- Instrument: Guitar
- Years active: 2007–present

= Adam Ross (musician) =

American guitarist, songwriter, and producer

Adam Ross is an American guitarist, songwriter, and producer. He is best known for being Rihanna's touring guitarist, including the Good Girl Gone Bad Tour, The Glow In The Dark Tour, and the Last Girl on Earth Tour. He is featured in Rihanna's 2008 release Good Girl Gone Bad Live and has also shared the stage with Jay-Z, Eminem, Chris Brown, and Ne-Yo while on tour. He also went on tour with Adam Lambert on his The Original High Tour from December 31, 2015, to May 6, 2016.

==Background==
Adam Ross was born in Cincinnati, Ohio and started playing guitar at the age of 13. He studied music at USC and attended the Berklee College of Music on scholarship.

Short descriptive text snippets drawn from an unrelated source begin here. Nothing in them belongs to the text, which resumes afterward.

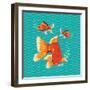 Goldfish II-Patty Young-Framed Art Print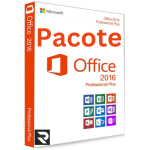 Pacote Office 2016 Crackeado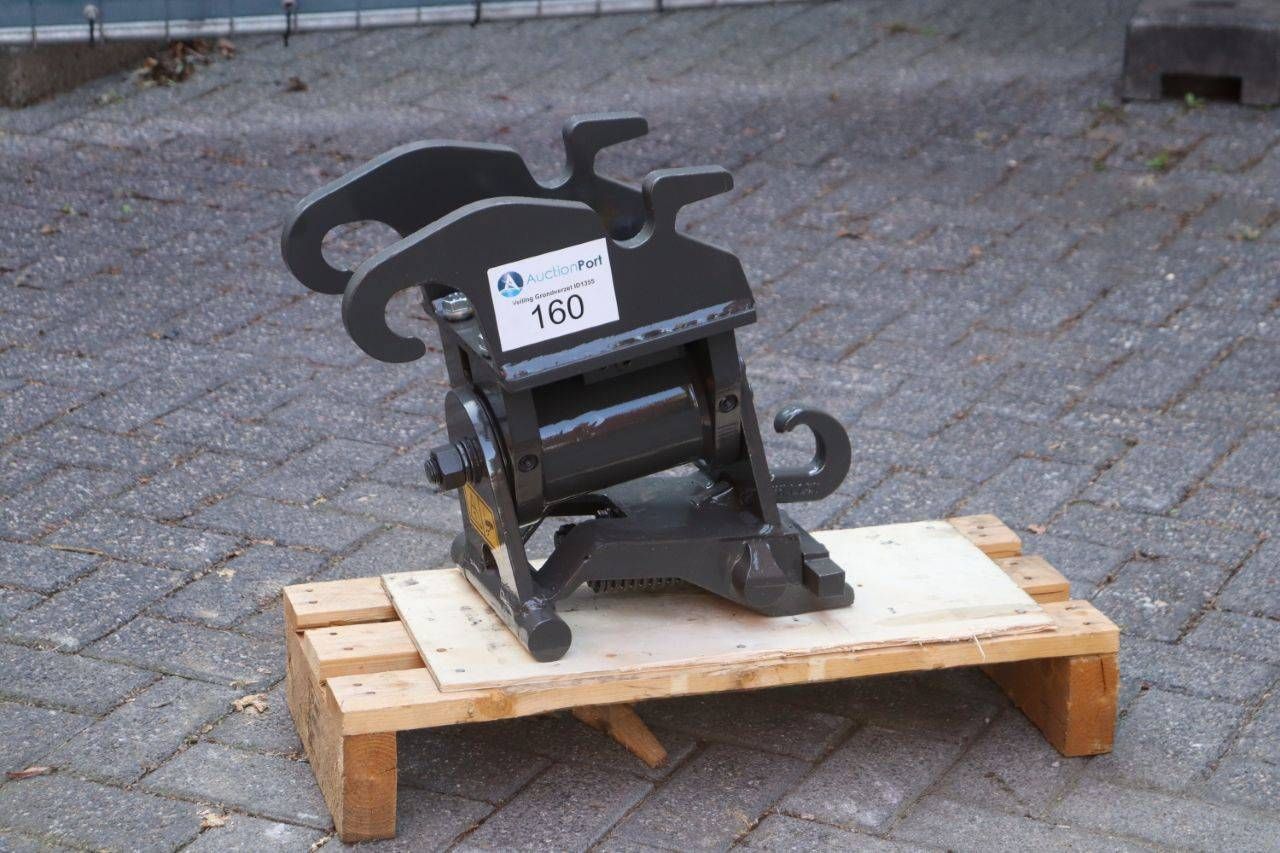Hydraulic Quick Coupler Häner Powertilt CwOS New
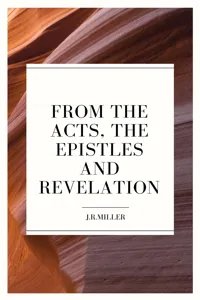 From the Acts, the Epistles and Revelation_cover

Adam has also toured/recorded with Tricky, Chris Mann (NBC's The Voice), MoZella, Bleu, Stefy, The Pogues, and Sierra Swan.

As a songwriter/music producer/multi-instrumentalist, his TV and film credits include: The Real World, The Kardashians, Cheaper by the Dozen 2, Balls of Fury, The Hills Have Eyes 2, Cheyenne, Bad Girls Club, Kourtney and Kim Take Miami, Styl'd, John Tucker Must Die, and Pimp My Ride.